Understanding Cauchy Sequences in Banach Spaces

[dirk_mec1]

Homework Statement

http://img394.imageshack.us/img394/5994/67110701dt0.png

Homework Equations

A banach space is a complete normed space which means that every Cauchy sequence converges.

The Attempt at a Solution

I'm stuck at exercise (c).

Suppose $$(f_n)_n$$ is a Cauchy sequence in E. Then

$$|f_n-f_m| < \epsilon\ \forall\ n,m \leq N$$

so

$$|f'_n - f'_m| \leq |f'_n - f'_m|_{\infty} < \epsilon$$Am I going in the right direction?

 

[Dick]

You have that backwards. ||fn-fm||_E<epsilon implies ||f'n-f'm||_infinity<epsilon. Can you use the fact the difference in derivatives of fn and fm is small to prove the difference between fn and fm is small? Hence that fn(x) is a cauchy sequence for each x?

 

[dirk_mec1]

You have that backwards. ||fn-fm||_E<epsilon implies ||f'n-f'm||_infinity<epsilon.

Really? I don't see why this is so.

Can you use the fact the difference in derivatives of fn and fm is small to prove the difference between fn and fm is small? Hence that fn(x) is a cauchy sequence for each x?

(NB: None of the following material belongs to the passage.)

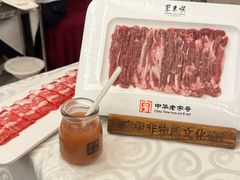 -东来顺饭庄(西单店)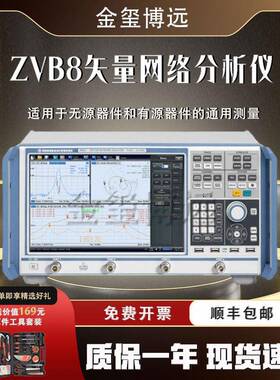 R&SZNB8/ZVB8/AVB4/ZVL6/ZNC3网络分析仪300k~8GHz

But what good will that do?



So here is the interpretation of the assignment in my eyes:

Given a Cauchy sequence $$(f_n)_n \in\ E$$ prove that $$||f_n-f||_E \rightarrow 0$$ and that f is in E.

So we have:

$$||f'_n -f'_m||_{\infty} < \epsilon\ \forall m,n \geq N$$

and we want: $$||f'_n -f'||_{\infty} \rightarrow 0\ \forall n \geq N$$

Is this correct?

 

[Dick]

Yes, that's it. Show f exists and has bounded derivative.

 

[dirk_mec1]

I'm sorry Dick, I have have been thinking about this but I can't seem to get f in E and converging.

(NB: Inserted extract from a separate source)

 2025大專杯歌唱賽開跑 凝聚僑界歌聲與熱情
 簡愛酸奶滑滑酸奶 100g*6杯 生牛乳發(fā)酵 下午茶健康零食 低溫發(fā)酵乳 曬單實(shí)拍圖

Your posts imply that I should prove that f_n is a Cauchy sequence but what do I get from that? You also mention to use the deratives to prove that f_n is Cauchy: do you mean that I should use the definition of the derative?

 

[Dick]

You know there is a limiting function f', since f'_n(x) is a cauchy sequence in R for every x. So that sequence has a limit, define f'(x) to be that limit. f' is also continuous since it's a uniform limit of continuous functions. Once you have f' just define f to be the integral from 0 to x of f'(t)dt.